Pace also told Robertson this welcomed message: “Being a fact-based news organization does not mean that everybody on every side of an issue gets equal hearing, gets equal voice. In certain cases, the facts are just really clear, and we want to make sure that we are amplifying the facts and not muddying the facts. So Covid vaccines are safe. Climate change is real. There was no widespread fraud in the U.S. election. Those are not political positions; those are fact-based positions.”
USA Today and Gannett reveal latest diversity report
“Women now make up the majority of the newsroom at USA TODAY.”
That’s the first sentence in a new piece by USA Today editor-in-chief Nicole Carroll.
In USA Today’s latest survey on staff diversity, released Wednesday, 51.7% of all journalists at the organization were women. The survey also found that journalists of color made up 34% of the newsroom, including Black (13.6%), Hispanic (10.1%) and Asian American (7%) journalists.
Carroll notes that in 1991, which is as far back as USA Today’s numbers go, women were 27.6% of the paper’s newsroom. In 2001, that number was 29%.
Holly Moore, USA Today Network planning director, told Carroll, “It matters because the news industry records history and for a very long time that history has been written from a male gaze. People in newsrooms are making decisions about what’s covered, who’s interviewed and the language we use to tell stories. Having more women in those conversations is key to presenting the most accurate version of history.”
Check out Carroll’s story for details on female journalists at USA Today.

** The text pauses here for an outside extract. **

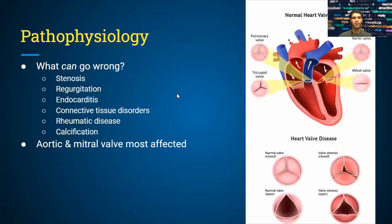Certain things can go wrong with heart valves over time — they wear down. The main aspects of pathophysiology include stenosis and regurgitation. Subcategories stemming from these include endocarditis, which is inflammation of the heart tissue due to bacterial infection, connective tissue disorders like Marfan's syndrome, rheumatic disease, and calcification. Most of the time it's the aortic and mitral valves that are most affected.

This was all part of Gannett’s companywide effort regarding diversity transparency with most Gannett outlets publishing its results.
Maribel Perez Wadsworth, president of news at Gannett Media and publisher of USA Today, wrote a column with links to the individual newsroom reports. Perez Wadsworth reminded readers that Gannett pledged to build a workforce that mirrors the demographics of the country and the communities they serve by the end of 2025.
She added, “I am pleased to note that we have made solid progress toward our goal, with increased representation of journalists who are female, Black, Indigenous and People of Color (BIPOC) across our local-to-national network of newsrooms. Though our work is far from over, we continue our commitment to achieving racial and ethnic parity over the course of the next four years.”
Ed Yong’s latest
If you’re a regular reader of this newsletter, you know my tremendous respect for The Atlantic’s Ed Yong, who won a Pulitzer Prize earlier this year for his coverage of COVID-19. He has been, in my opinion, the most important journalist in the world over the past two years when it comes to the pandemic.
He is now out with another lengthy and important piece: “LONG-HAULERS ARE FIGHTING FOR THEIR FUTURE.” He also has a Twitter thread introducing the piece.
In The Atlantic story, Yong writes, “After a year and a half, the risk of long COVID, for both unvaccinated and vaccinated people, is one of the pandemic’s biggest and least-addressed unknowns. The condition affects many young, healthy, and athletic people, and even now ‘none of us can predict who’s going to have persistent symptoms,’ Lekshmi Santhosh, the medical director of a long-COVID clinic at UC San Francisco, told me. A small number of fully vaccinated people have become long-haulers after breakthrough infections, although no one knows how common such cases are, because they aren’t being tracked. Mysteries abound; meanwhile, millions of long-haulers are sick.”
With significant reporting and always-measured analysis, Yong delivers another must-read COVID-19 piece.